| EXERCISE DETAILS |
Set down nothing but the lines from the one containing "May include: A" to the final line of the material, exactly as written, and drop the pictures.

| INFORMATION PROVIDED |
_____

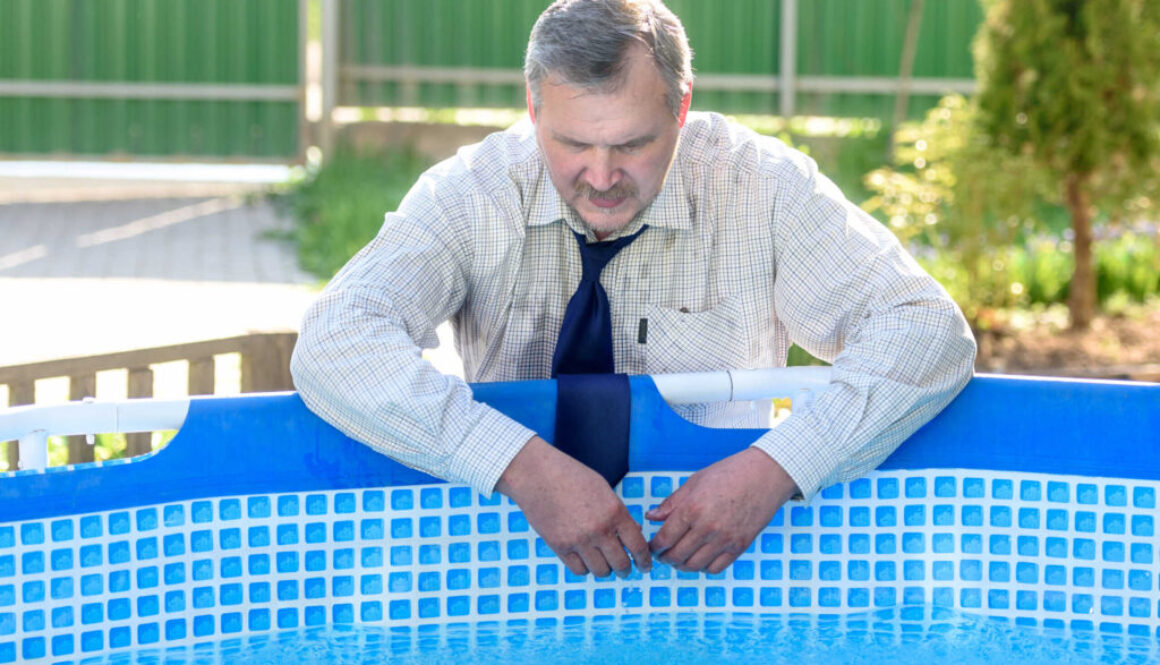 Handsome man in business suit by the pool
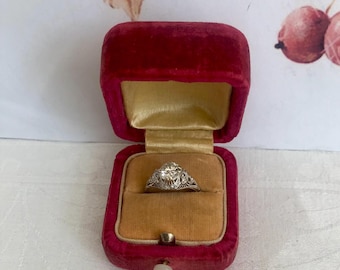May include: A silver-toned ring featuring a central round-cut stone set within an intricate, filigree-style metal band. The ring is displayed inside an open, rectangular, deep red velvet jewelry box with a gold-colored satin interior lining.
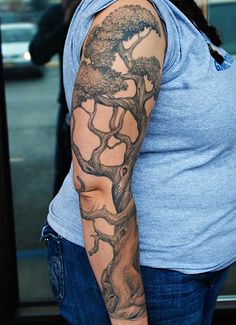 a woman with a tree tattoo on her arm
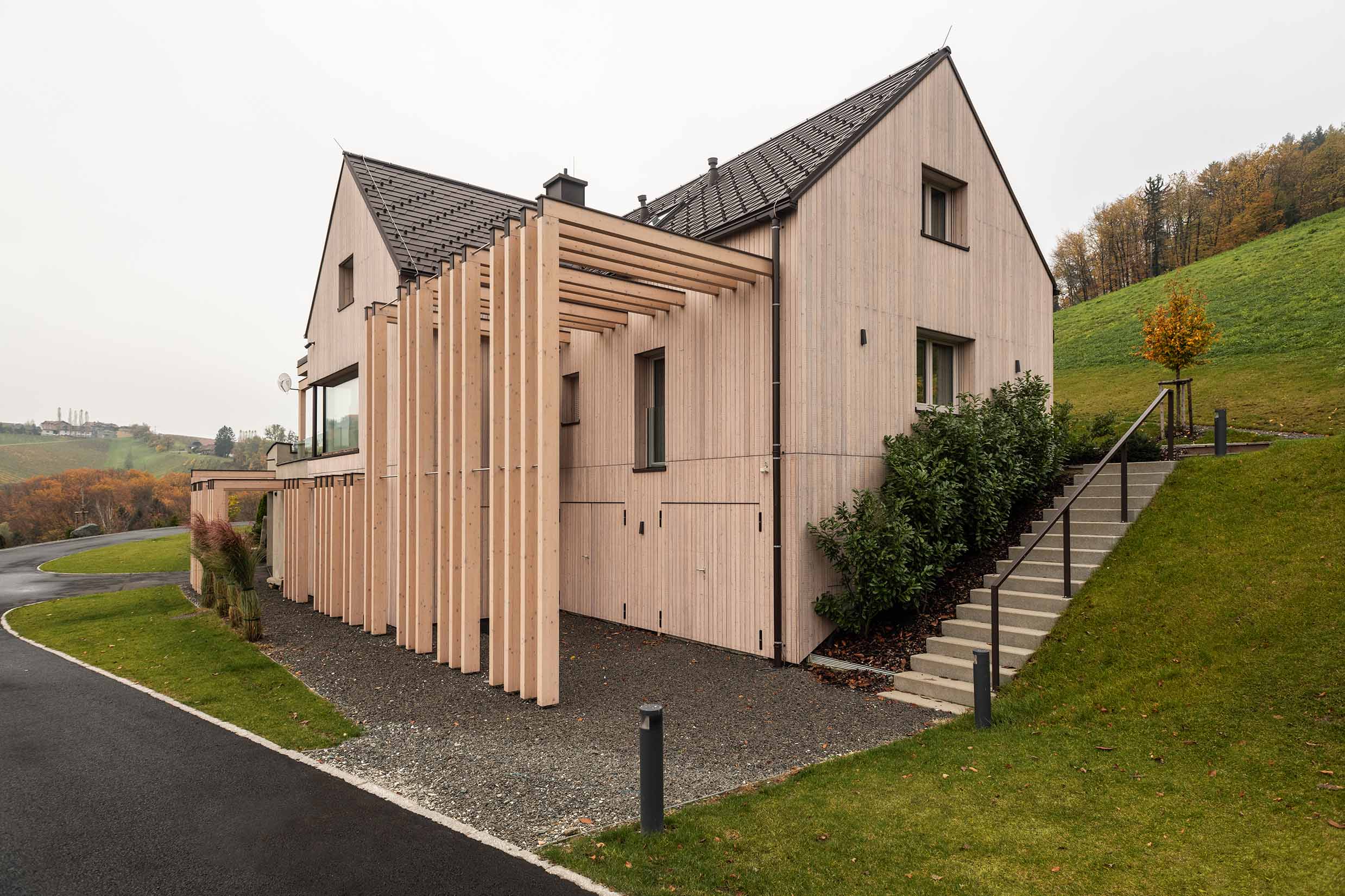 Architektonisch modern gestaltetes Haus in Hanglage, mit vertikaler Holzfassade aus vorvergrautem Mareiner Piz Nair. Vor dem Gebäude schmale, hohe Holzelemente als Sichtschutz oder Pergola. Umgeben von Wiesen, Hügellandschaft und herbstlichem Laub.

_____

| FINAL ANSWER |
May include: A silver-toned ring featuring a central round-cut stone set within an intricate, filigree-style metal band. The ring is displayed inside an open, rectangular, deep red velvet jewelry box with a gold-colored satin interior lining.
 a woman with a tree tattoo on her arm
 Architektonisch modern gestaltetes Haus in Hanglage, mit vertikaler Holzfassade aus vorvergrautem Mareiner Piz Nair. Vor dem Gebäude schmale, hohe Holzelemente als Sichtschutz oder Pergola. Umgeben von Wiesen, Hügellandschaft und herbstlichem Laub.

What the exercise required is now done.